◆ What you should do
Return all of the entries word for word, but omit the pictures they contain.

◆ Input material

↓↓↓

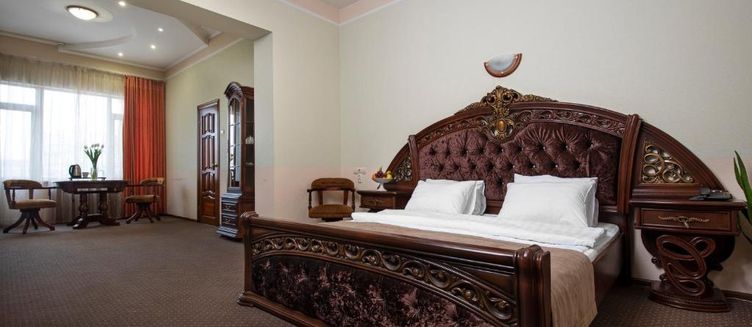 Фото отеля Bridge Hotel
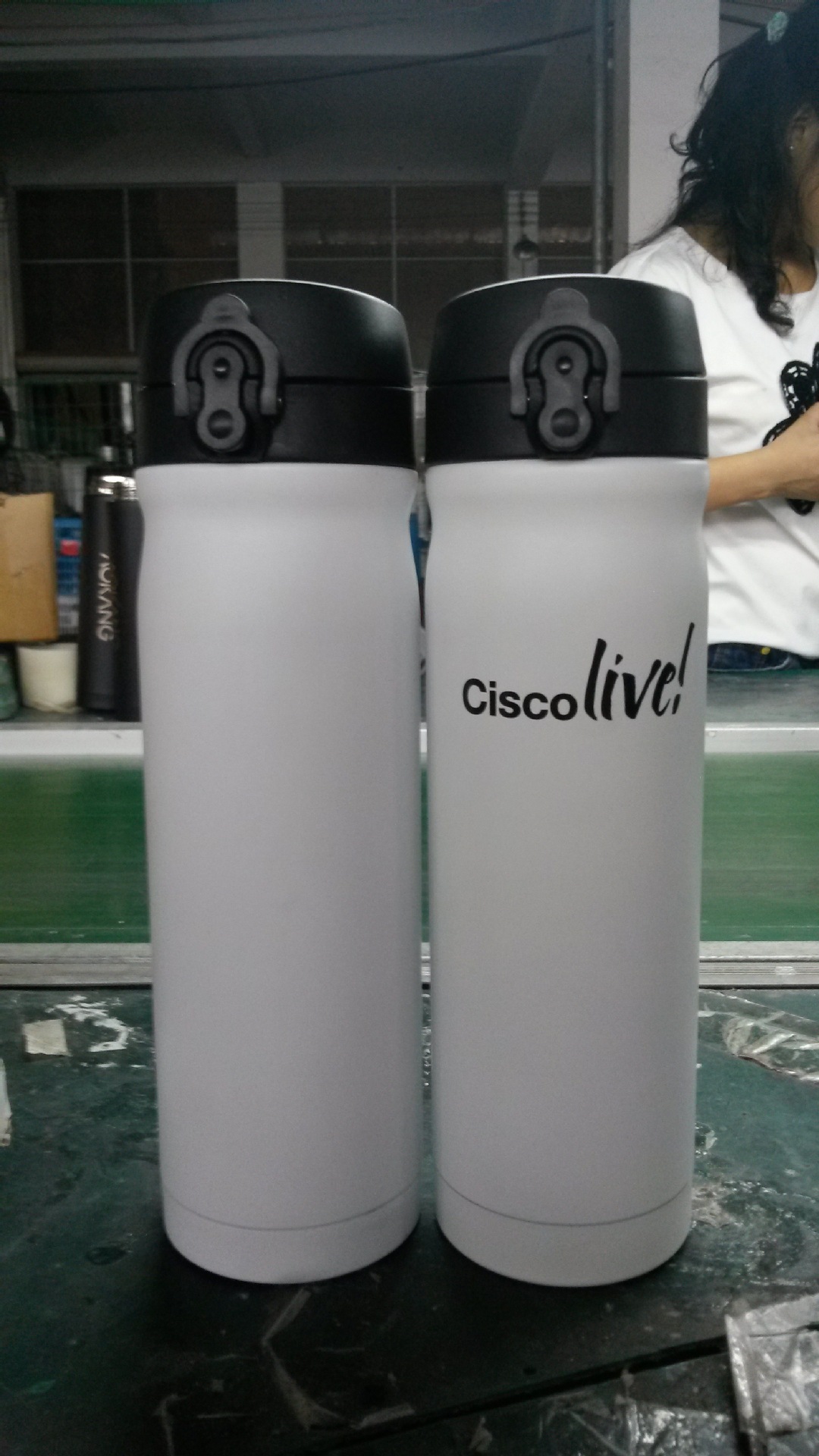 健康水杯:工厂生产双层不锈钢真空保温杯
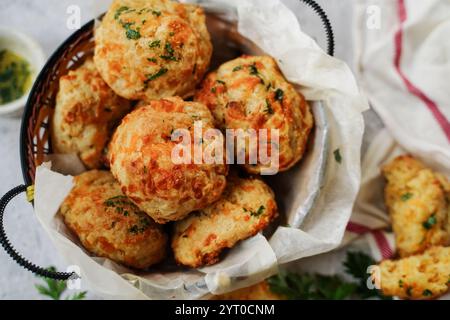 Biscotti cheddar fatti in casa con burro all'aglio e prezzemolo Foto Stock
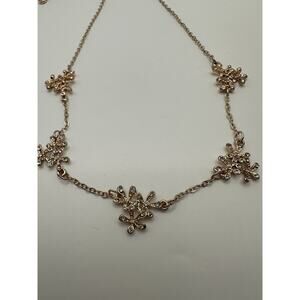 LC Gold Tone Chain Necklace With Flowers 16”
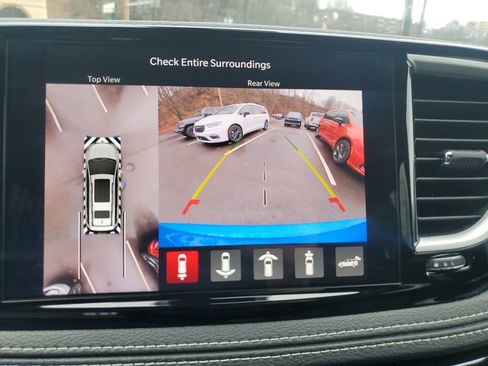 New 2026 Chrysler Pacifica Select image 22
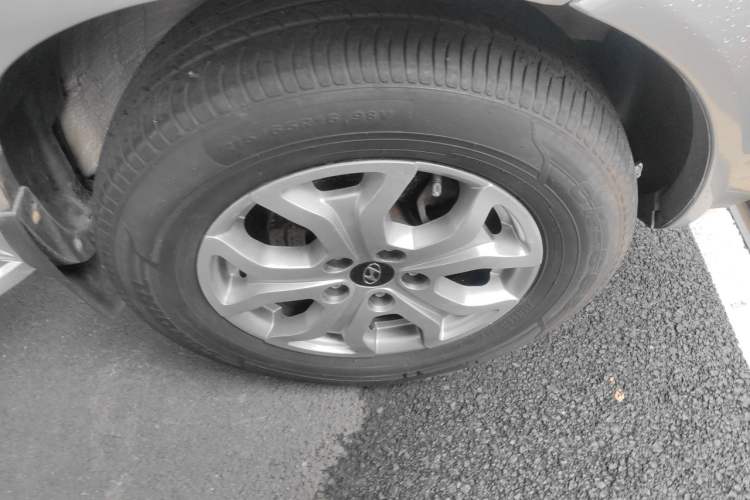 Used Hyundai Tucson 2013 2.0L Automatic Two-Wheel Drive Comfort Version Right Front Wheel Hub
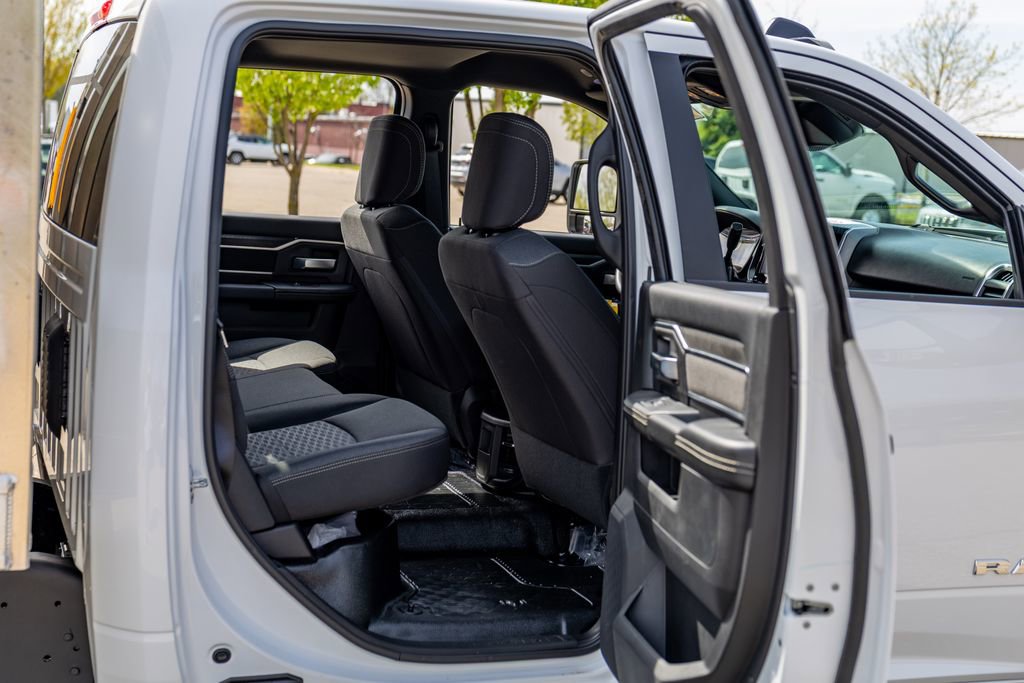 New 2026 RAM 3500 Tradesman AWD/4WD image 18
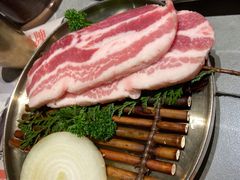 -草家酱蟹炭火烤肉店(珲春南路一店)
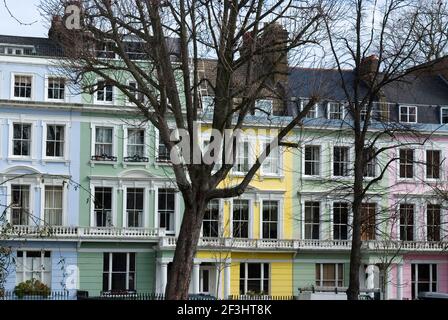 Ein Teil der farbigen Terrassenhäuser des Chalcot Square, in der Nähe von Primrose Hill, London, NW1, England Stockfoto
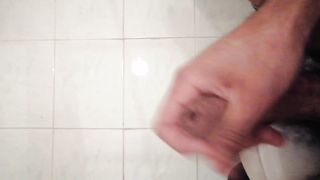 Mi masturbo di nuovo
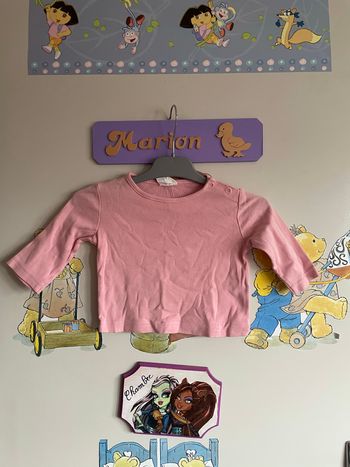 Tee shirt rose à manches longues, taille 12 mois.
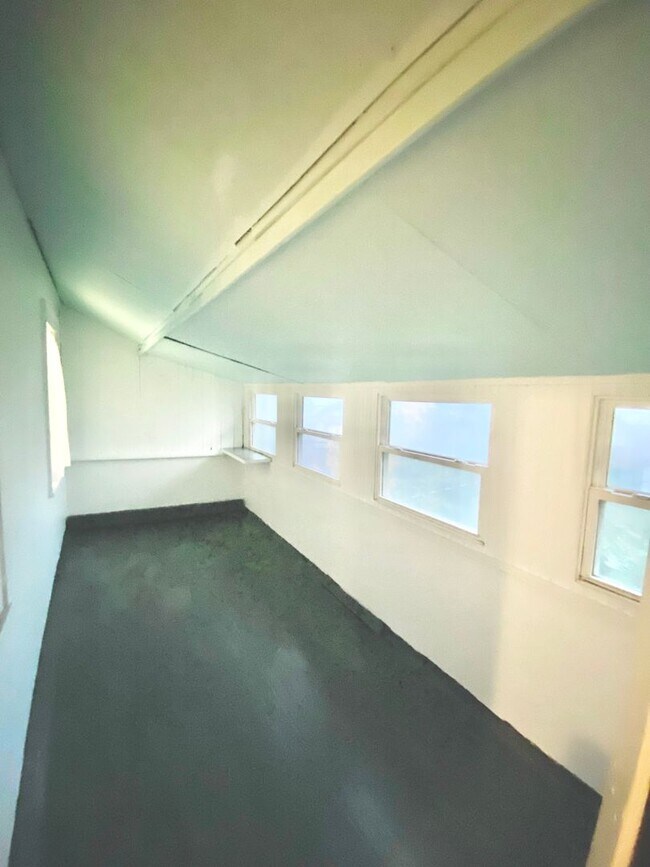 Building Photo - 2016-2018 E 6th Street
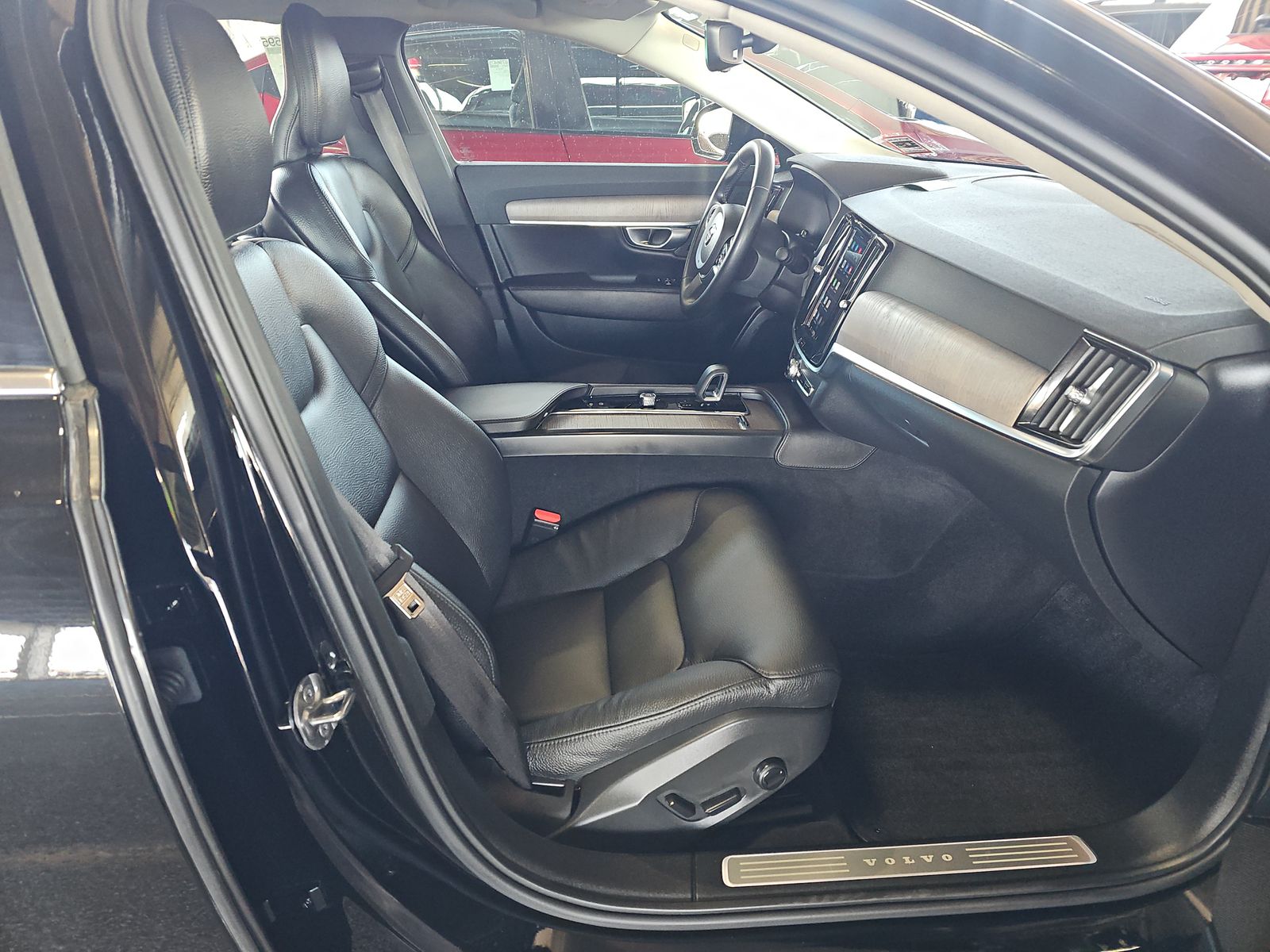 2023 Volvo S90 B6 Plus AWD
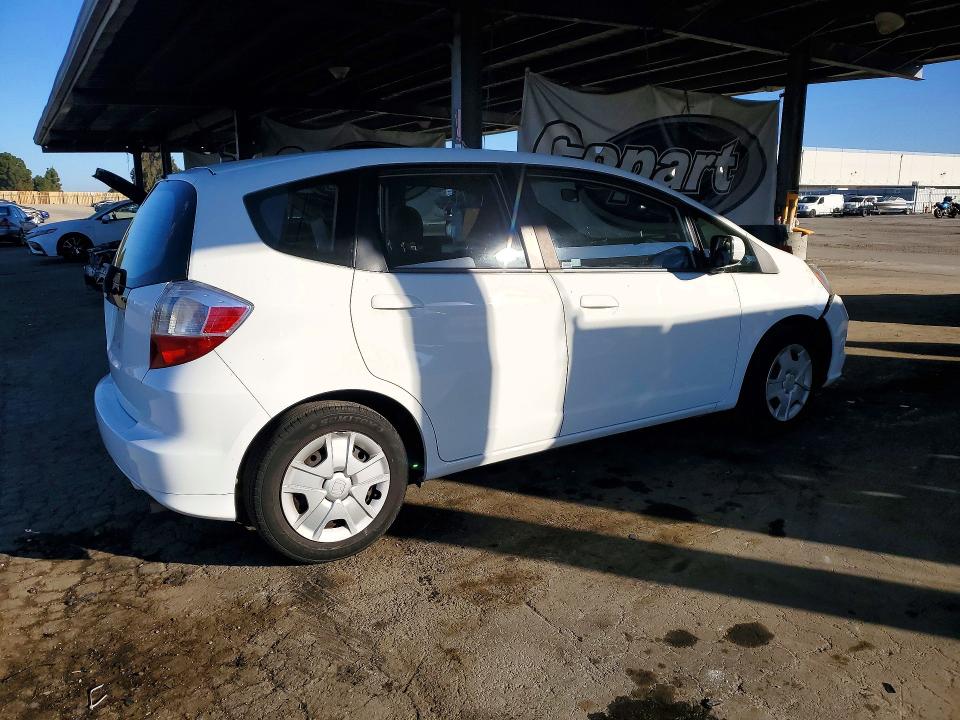 72025756 :رقم المزاد ، JHMGE8H38CC035643 vin ، 2012 Honda Fit مزاد بيع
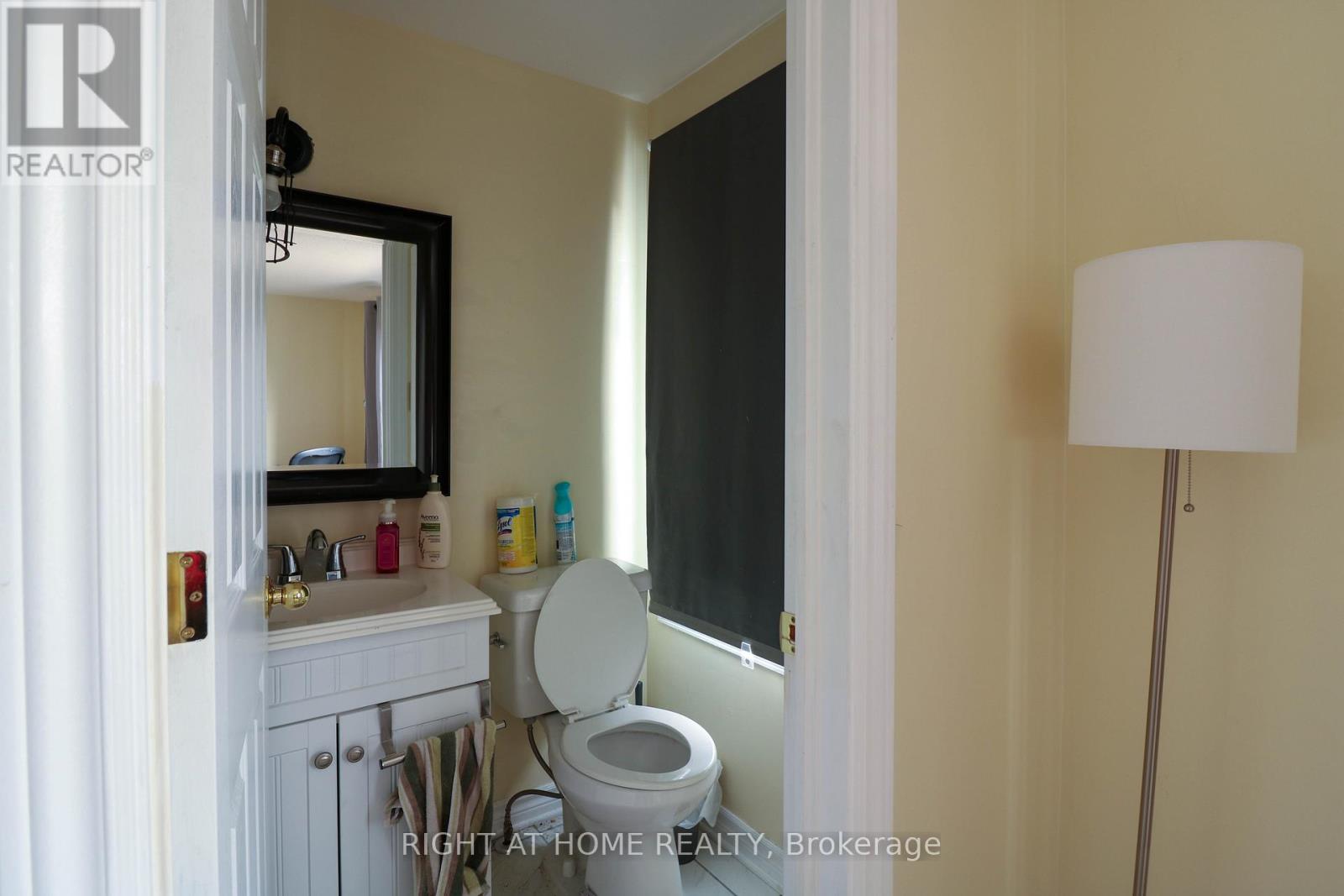 Photo 16 of 50 Fireside Crescent, Ottawa ON
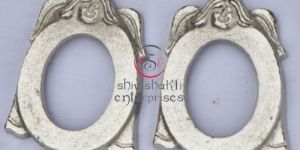 WALL-HANGING DECORATIVE ITEMS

↑↑↑

◆ Task answer
 Фото отеля Bridge Hotel
 健康水杯:工厂生产双层不锈钢真空保温杯
 Biscotti cheddar fatti in casa con burro all'aglio e prezzemolo Foto Stock
 LC Gold Tone Chain Necklace With Flowers 16”
 New 2026 Chrysler Pacifica Select image 22
 Used Hyundai Tucson 2013 2.0L Automatic Two-Wheel Drive Comfort Version Right Front Wheel Hub
 New 2026 RAM 3500 Tradesman AWD/4WD image 18
 -草家酱蟹炭火烤肉店(珲春南路一店)
 Ein Teil der farbigen Terrassenhäuser des Chalcot Square, in der Nähe von Primrose Hill, London, NW1, England Stockfoto
 Mi masturbo di nuovo
 Tee shirt rose à manches longues, taille 12 mois.
 Building Photo - 2016-2018 E 6th Street
 2023 Volvo S90 B6 Plus AWD
 72025756 :رقم المزاد ، JHMGE8H38CC035643 vin ، 2012 Honda Fit مزاد بيع
 Photo 16 of 50 Fireside Crescent, Ottawa ON
 WALL-HANGING DECORATIVE ITEMS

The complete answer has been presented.